Personal information
- Born: 27 March 1882 Salford, Lancashire, England
- Died: 21 February 1970 (aged 87) Sheffield, England
- Batting: Right-handed
- Bowling: Right-arm medium-fast

Domestic team information
- 1901: Derbyshire
- Only FC: 15 August 1901 Derbyshire v Warwickshire

Career statistics
| Competition | First-class |
| Matches | 1 |
| Runs scored | 0 |
| Batting average | 0.00 |
| 100s/50s | 0/0 |
| Top score | 0 |
| Balls bowled | 18 |
| Wickets | 0 |
| Bowling average | – |
| 5 wickets in innings | – |
| 10 wickets in match | – |
| Best bowling | – |
| Catches/stumpings | 0/– |
- Source: CricketArchive, April 2012

= Arthur Morton (cricketer, born 1882) =

English cricketer

Arthur Morton (27 March 1882 - 21 February 1970) was an English cricketer who played first-class cricket for Derbyshire in 1901.
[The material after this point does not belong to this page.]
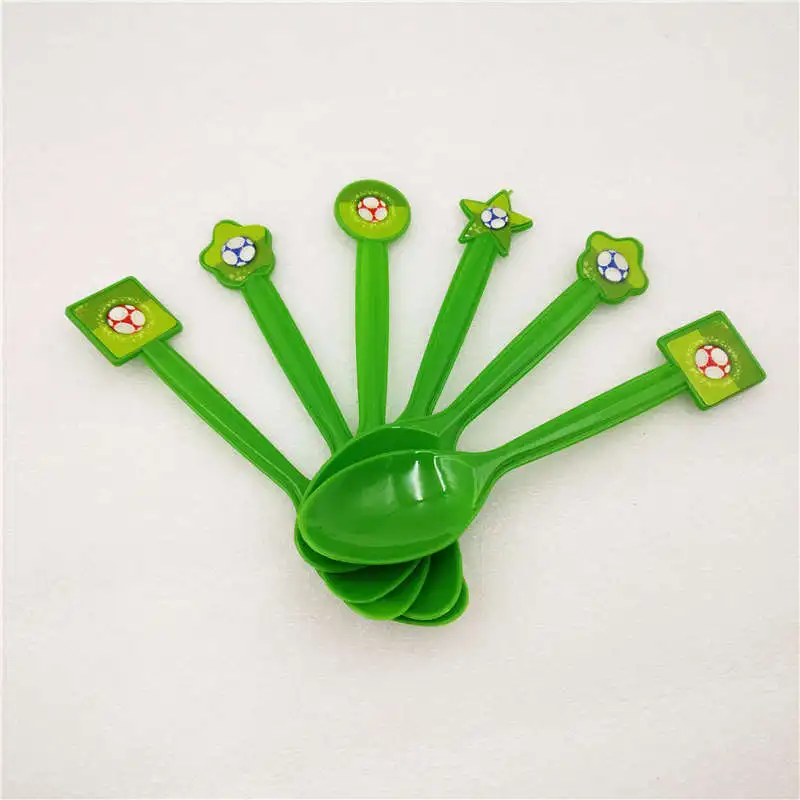 Spoons 6pcs Футбол Детские День рождения украшения вилки чашки для маленьких девочек и мальчиков, одноразовая посуда вечерние поставки вечерние украшения набор - Цвет: Spoons 6pcs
Morton was born in Salford, Lancashire. He made one appearance for Derbyshire in the 1901 season, at the age of nineteen appearing against Warwickshire. He scored ducks in both innings and bowled three overs without taking a wicket in a game that Warwickshire won by an innings. He was a right-handed batsman and a right-arm medium-fast bowler.

Morton died in Sheffield at the age of 87.